まちの中の建築スケッチ
第92回
日大カザルスホール
——都心で生き残る建物——
日大カザルスホールは2010年に閉館となったが、林真理子日大理事長から2026年6月に復活することが発表されている。また、チェロのコンサートが聴けることを期待したい。少し遡ると、ウィリアム・メレル・ヴォ―リーズ(1880-1964)設計の主婦の友社(1925年竣工)が、老朽化して取り壊すことになったものを、磯崎新(1931-2022)の設計により、通りの後ろ側に音楽ホールと高層部を計画し、1987年「カザルスホール」として生まれ変わったのである。
低層部は、ヴォ―リーズの外壁がレリーフなども丁寧に再建された。そして2001年には、日大が建物を買収、その後、ホールとしては閉館されているが、建物は日大が使用している。筆者が理工学部の教員を務めたときには、1階に事務局や文具売り場があって、何度か利用したこともある。エントランスホールで展示会なども開催されている。
すぐ近くの山の上ホテルも、似たような運命にある。同じヴォ―リーズの設計による建物で、文豪が利用した都心のホテルとして人気があったように思うのだが、経営的には難しかったようで、2024年に休館、建物の存続も危ぶまれた。幸い、明治大学が保存活用を発表しており、またどのような形で生き返るのか楽しみでもある。

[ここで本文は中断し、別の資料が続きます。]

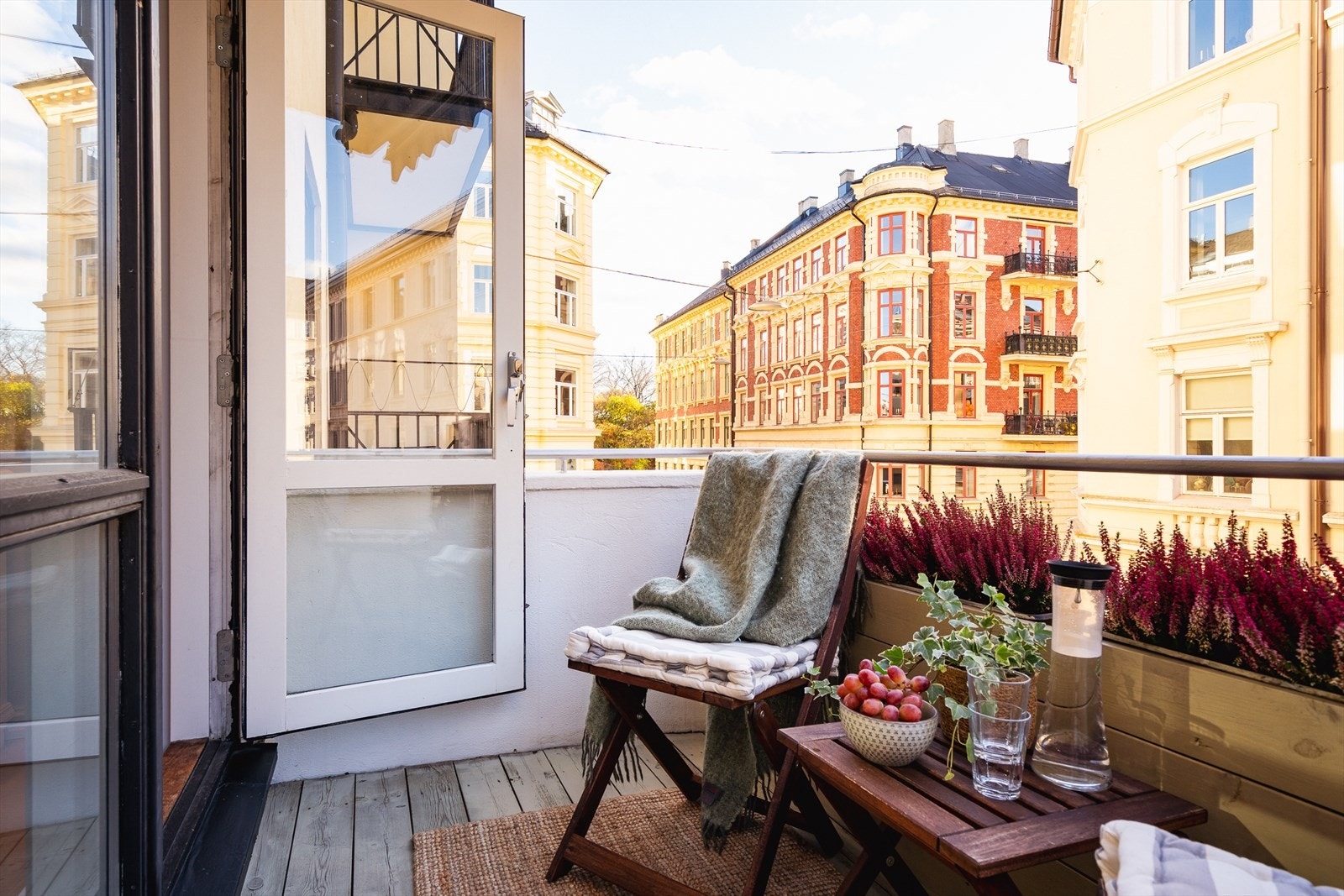 Her kan du nyte solfylte dager med fin utsikt mot klassiske og flotte bygårder samt parkområder på Skillebekk. Galleribilde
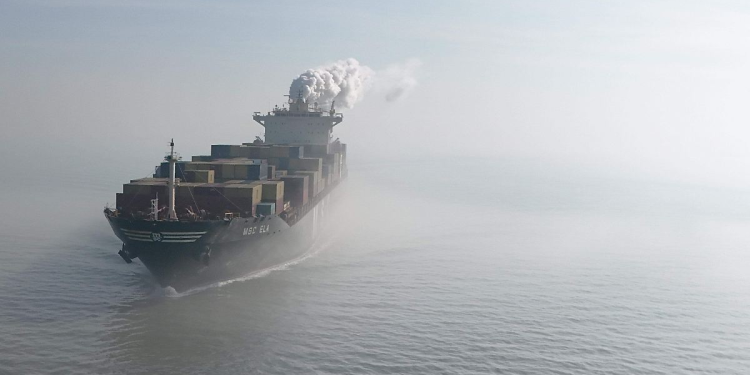 Buques japoneses Ormuz: Irán facilita paso clave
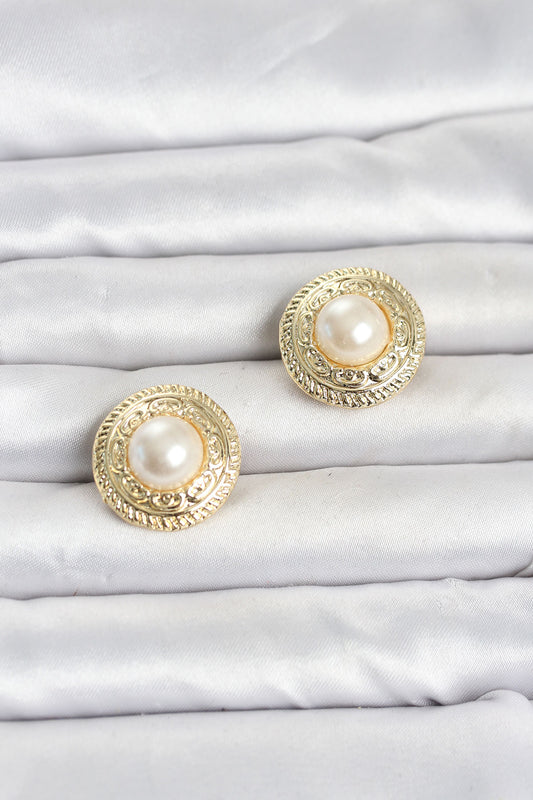 Gold-Tone Pearl Accent Brooch Pin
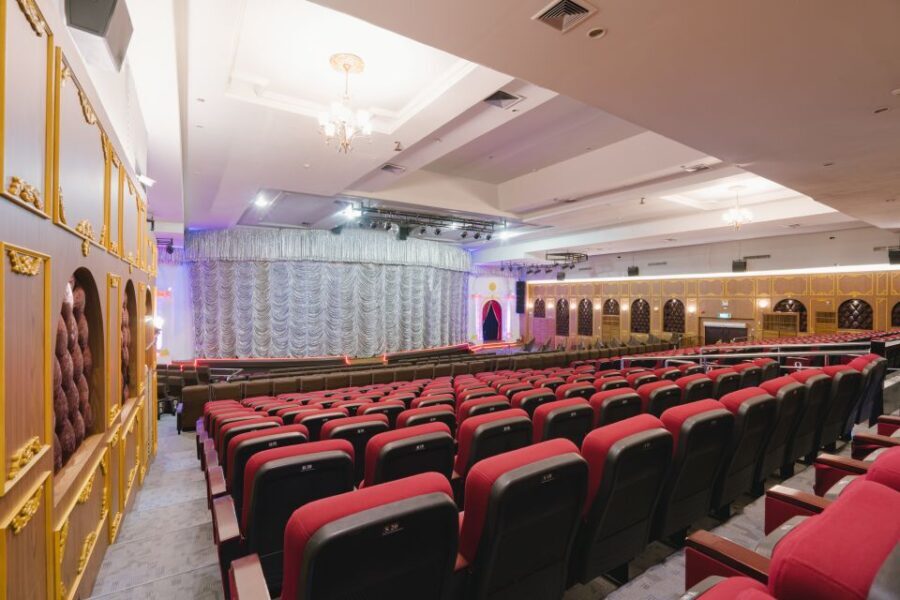 Bangkok: Skip-the-Line Golden Dome Cabaret Show Tickets - A Closer Look at the Golden Dome Cabaret Show Experience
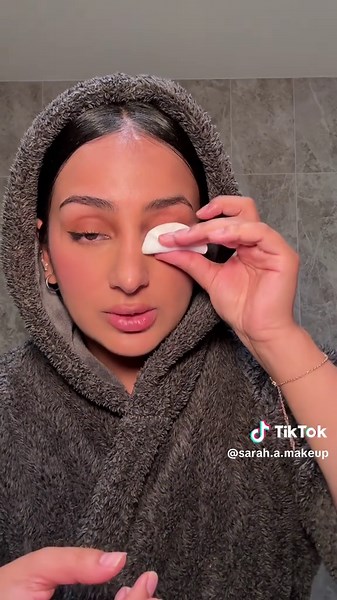 Correct Way to Remove Makeup for Healthy Skin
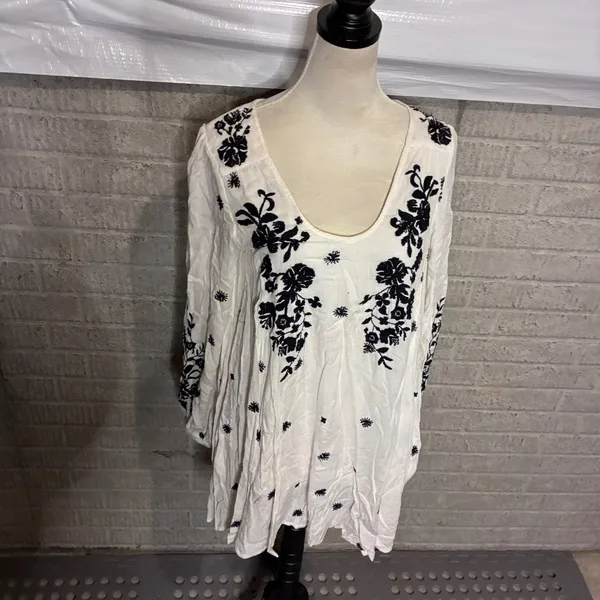 Free People Embroidered‎ V-Neck Mini Dress Ivory Black Floral Boho XS - Image 3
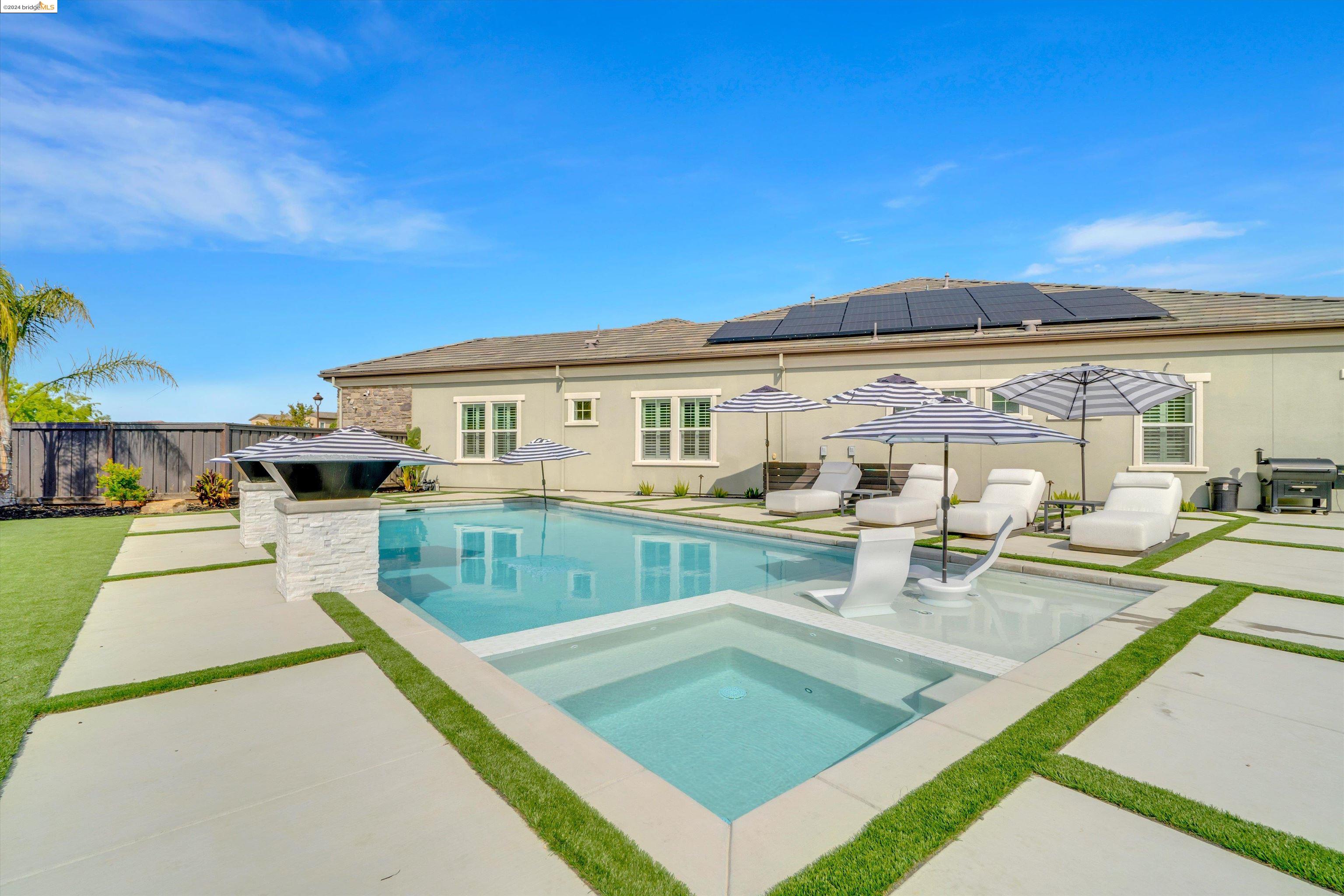 2301 Reserve Dr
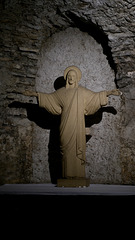 DIJON: Cathédrale Saint Bénigne: La Crypte (HDR)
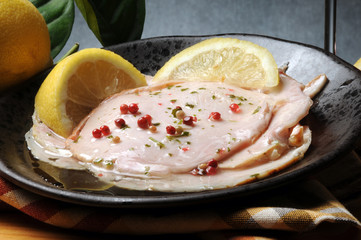 Indyka marynowane w cytrynie Marinated turkey Tacchino marinato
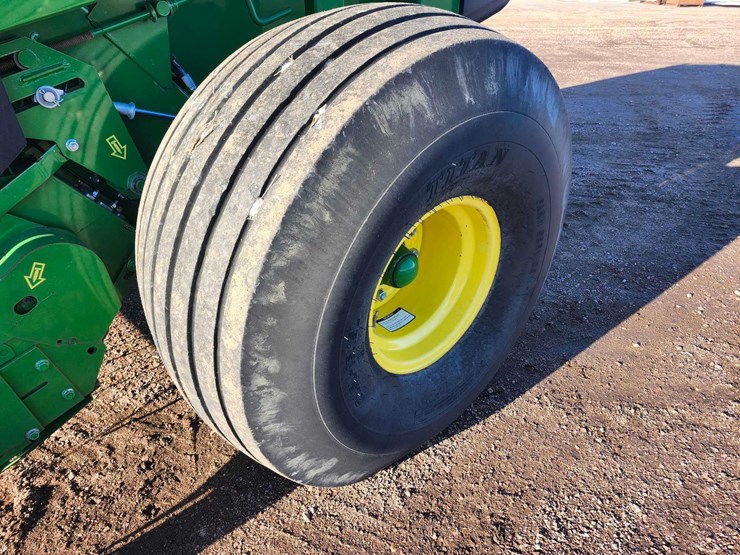 2023-john-deere-560m-image-45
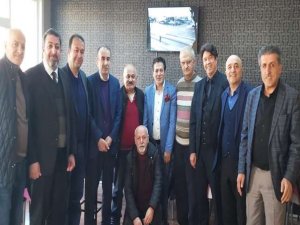 İşadamı Baş’dan Hakkari derneğine destek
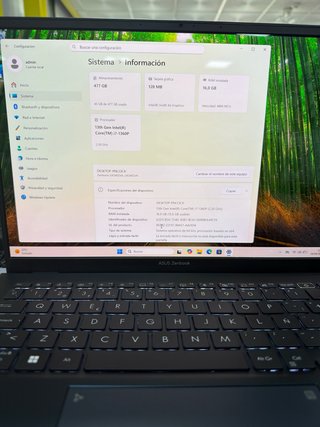 ASUS Zenbook 14 OLED UX3402VA-KM209W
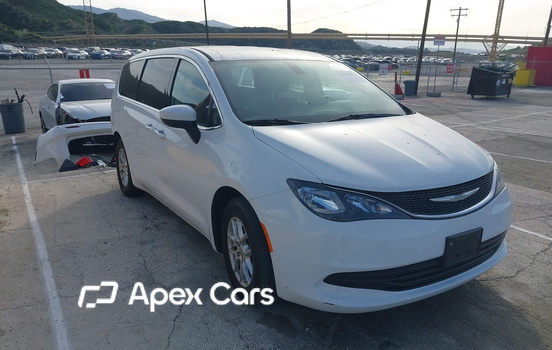 Chrysler Pacifica 2017 - Image 1 of 17
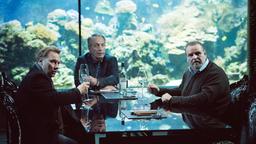 Dinner im Zoo-Aquarium: Zoo-Direktor Dr. Schönweis (Felix Vörtler, r), Medienmanager Dr. Richard Stockmann (Robert Hunger-Bühler, M) und Dokumentarfilmer Henry Schlör (Thomas Arnold, l).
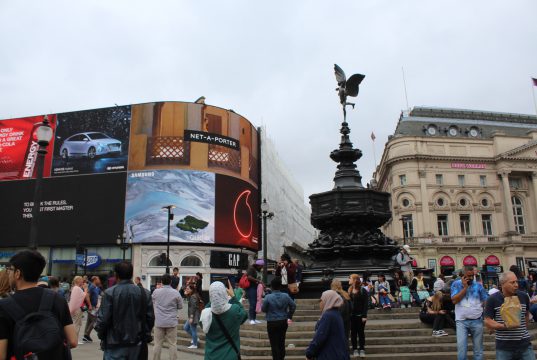 Лондонски роман(с) – II част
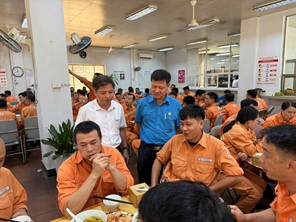 “Bữa cơm Công đoàn”  ấm lòng giữa ca làm việc -0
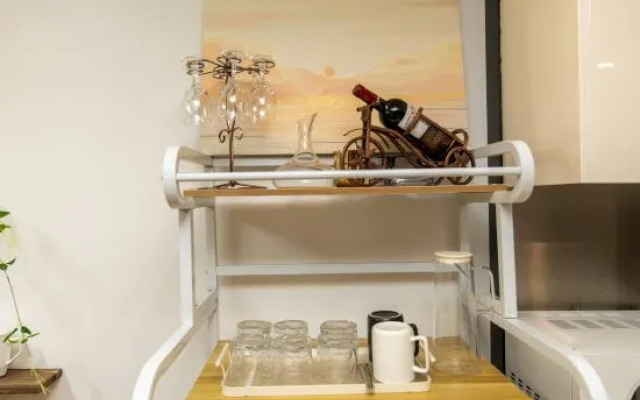 Tugui Apartment (Shenzhen North Railway Station)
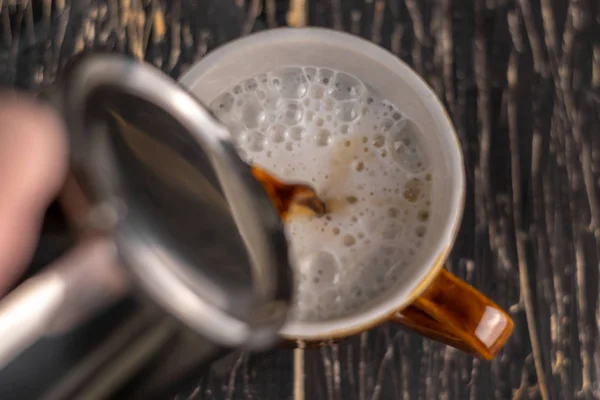 Imagen de primer plano de manos masculinas vertiendo café y leche artista y concepto de preparación, café de la mañana . —  Fotos de Stock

お茶の水は、大学まちでもあるが、質の高い建物が大学によって生き残るということは、建物にとって幸せだと思う。お茶の水では、明治大学も日本大学も、超高層棟をいくつも建ててはいるが、90年、100年の建物が大学にあることは大学としてのまちへの存在意義を見せてくれているとも言える。
まちの景観を構成する建物が、外壁保存という形で生き残る例は、近年少なくない。皇居前の第一生命ビルが、正面は保存され裏手に高層ビルと一体化した1993年DNタワー21として蘇った例なども、日大カザルスホールと似た構成になっている。
手前の旧主婦の友社の外観は、道路を隔てると全体が目に入るが、高層棟は、そうとうに引かないと上まで見えない。明治大学のリバティタワーの正面にあるので、リバティタワーの地下駐車場への進入路の横の空間をお借りしてスケッチした。
パリでは、外観はどこも保存が義務付けられていることで、まちの景観を保全している。東京もそろそろ、部分的でも良いので、そんなことを考えてもよいかもしれない。2004年に景観法ができて、自治体によっては、全域を景観地域に指定して条例で景観規制をしているところもある。東京都の区部では、そんな話を聴かない。都市整備局は東京都景観計画を策定し、2021年からは施行しているというが、極めて緩い。明治神宮外苑の都市景観は、今も議論されているが、どんな計画でどう施行しているのかと言いたい。まさに自治体の文化的見識の問題でもある。ヴォ―リーズがお茶の水に遺した都市景観は大切な資産だと思う。